News-Antique.com - Sep 12,2007 - MILITARY ORDERS FOR THE BATTLE OF BUNKER HILL, ISSUED JUNE 14-16, 1775,
SELL FOR $22,050 AT EARLY AMERICAN HISTORY AUCTIONS SALE HELD AUG. 25
(Rancho Santa Fe, Calif.) - An original, two-page military document issuing direct orders by the Commanding General of the American Forces in the days immediately preceding the famous Battle of Bunker Hill in 1775, sold for $22,050 in a mail bid and Internet sale held August 25 by Early American History Auctions (www.EarlyAmerican.com). All prices include an 18% buyer's premium.
The document is dated June 14-16, 1775, and contains regimental orders from General Artemus Ward, the Commander of the American and Continental and Patriot Militias at Cambridge (outside Boston). The dates are significant, since they coincide with the official founding of the United State Army by the Continental Congress. June 14th has forever since been celebrated as Flag Day here.

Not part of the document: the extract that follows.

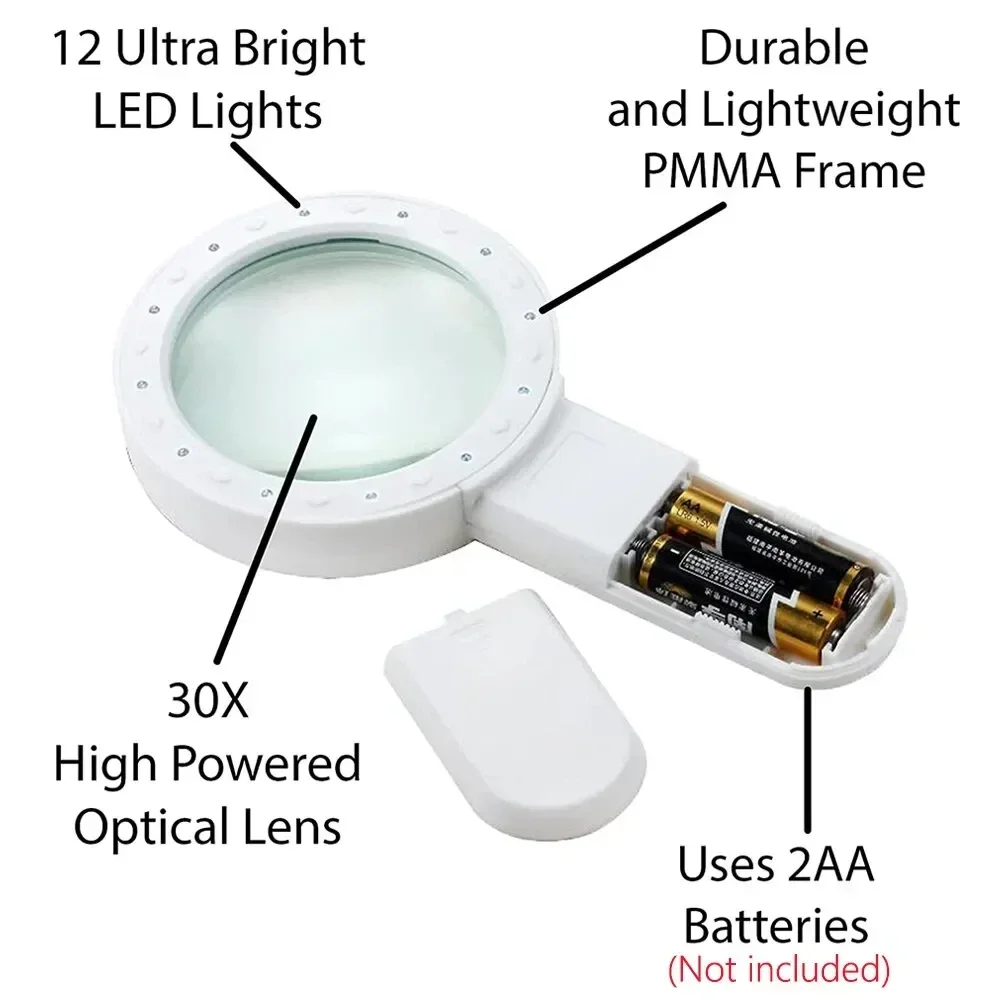 30X Handheld Illuminated Magnifying Glass with 12 LED Lights Reading Magnifier for Seniors Coins Insect Inspection Jewelry Loupe Magnifying Glass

“This document was one of our favorite lots of the sale,” remarked Dana Linett, president of Early American History Auctions. “The winning bidder was a woman who bought it as a gift for her husband's collection. I'm sure he was very pleased. It's a true piece of American history.” Mr. Linett added the sale was “our most heavily bid-on auction of the year. Most lots exceeded their estimates.”
In other highlights:
The top lot of the sale was a 1694 Carolina Elephant Token, PCGS graded Very Fine-30, that crossed the block at $25,960. The piece was able to soar past the high estimate of $24,000 by its great condition, but also because of its rarity: on the side that says “God Preserve Carolina The Lord's Proprietor, 1694,” the “O” is over the “E” in 'Proprietor.' An elephant is clearly visible on the obverse.
The biggest surprises of the sale was an 1860 ferrotype portrait pin of Abraham Lincoln – beardless – in choice near mint condition. The pin was expected to fetch no more than $1,800, but a pair of determined bidders drove the final gavel price to an astounding $12,980. The pin featured a sharp, clean image of Lincoln from his first presidential campaign, in an elegant, gilt brass oval frame.
An oil-on-canvas painting that served as cover art for the auction catalog, titled “President Jefferson and His Cabinet, 1801,” unsigned and in choice extremely fine condition, realized $11,800. Depicted in the 26” x 45.5” painting are President Jefferson, Vice President Aaron Burr, Secretary of State James Madison and other cabinet members, in an ornate, carved, gold-painted wooden frame.
A rare 5-cent Drink Sands Ale key encased postage merchant stamp, in choice extremely fine condition and one of only perhaps 10 in existence, soared to $10,620. The 5-cent denomination is the only one available to collectors. Others have been lost over time as to question their very existence. The example purchased was in excellent shape, with Thomas Jefferson clearly depicted on the obverse.
A valuable collection of Morgan and Peace silver dollars, 113 coins in all and encased in five Whitman folders, hammered for $9,660.